Diğer tahric: İbn Mace, 3920

 

AÇIKLAMA:          (6330) "Sa'd b. Ebu Vakkas (radıyallahu anh) dedi ki: Ben Abdullah b. Selam dışında ... işitmedim." Halbuki Nebi (Sallallahu aleyhi ve Sellem)'in: "Ebu Bekir cennettedir, Ömer cennettedir, Osman cennettedir, Ali cennettedir. .. " buyurup aşere-i mübeşşereyi sonuncularına kadar saymıştır. Aynı zamanda Resulullah (Sallallahu aleyhi ve Sellem) "Hasan ve Hüseyin cennetlik gençlerin efendileridir. Ukaşe de bunlardandır. Sabit b. Kays bunlardandır." buyurup başkalarını da saydığı bilinmektedir. Bu ise Sa'd'ın söylediklerine aykırı değildir. Çünkü Sa'd: "Ben duymadım", demiş ama başkaları hakkında cennetlik olduklarına dair haber vermenin aslını reddetmemiştir. Eğer böyle bir şeyi reddetmiş olsaydı Sabit olduğunu belirten buyruklar onun, dediğine öncelenirdi.

 

"Kays b. Ubad" ayn harfi ötreli be şeddesizdir.

 

"Orada iki rekat kıldıktan sonra çıktı." Bazı nüshalarda: "O ikisinde iki rekat namaz kıldıktan sonra Çıktı." Bazılarında ise iki rekat namaz kıldıktan sonra çıktı" denilmektedir.

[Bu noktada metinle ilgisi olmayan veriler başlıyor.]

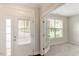 Bright entryway with white door, transom window, and sidelight leading to an open room with neutral carpeting at 627 Balsam Fir Dr, Cary, NC 27519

Bu sonuncu ifade açıkça anlaşılır bir ifadedir. Ama burada "orada yahut o ikisinde" kelimeleri Müslim'in ravilerinin nakletlikleri rivayetlerin bir çoğunda mevcuttur. Ancak onda bir eksiklik vardır. Tamamı Buhari'de Sabit olduğu gibi "kısa kestiği iki rekat namaz kıldı" şeklidir.

 

"Kimsenin bilmediği birşeyi söylememesi gerekir." Bu, onun kesinlikle cennetlik olduğunu söyledikleri için Abdullah b. Selam'ın bunu kabul etmemesi demektir. O halde bunların kendilerine Sa'd b. Ebu Vakkas'ın İbn Selam'ın cennetliklerden olduğuna dair haberinin ulaştığı ama kendisinin bunu işitmemiş olduğu şeklinde yorumlanır. Onun bu şekilde kendisinden övgü ile söz edilmesinden hoşlanmamış olma ihtimali de vardır. Bunu da mütevaziliğinden, bilinmemeyi tercih ettiğinden ve şöhretlen hoşlanmadığından söylemiş olur.

 

"Bana bir minsaf geldi" Mim kesreli, sad fethalıdır. Mim fetbalı olarak (mansaf) diye de söylenir. Hadiste onu hizmetçi ve vasif (o da hizmetçi demektir) diye açıklamıştır. Ki bu da sahihtir. Dil bilginleri, vasif hizmet etmeye aklı eren küçük hizmetçidir diye de açıklamışlardır.

 

"Ferakıtu: çıktım, yükseldim" sahih ve meşhur söyleyişe göre kaf harfi kesrelidir. Fethalı söylendiği (rakaytu) de nakledilmiştir. Kadı lyaz dedi ki:

 

Müslim'de Muvatla'da ve başkalarında buradan başka yerde her iki şekilde de rivayet edilmiştir.

 

(6333) ''Sol tarafımda caddeler gördüm." "Cevad: caddenin çoğulu"dur.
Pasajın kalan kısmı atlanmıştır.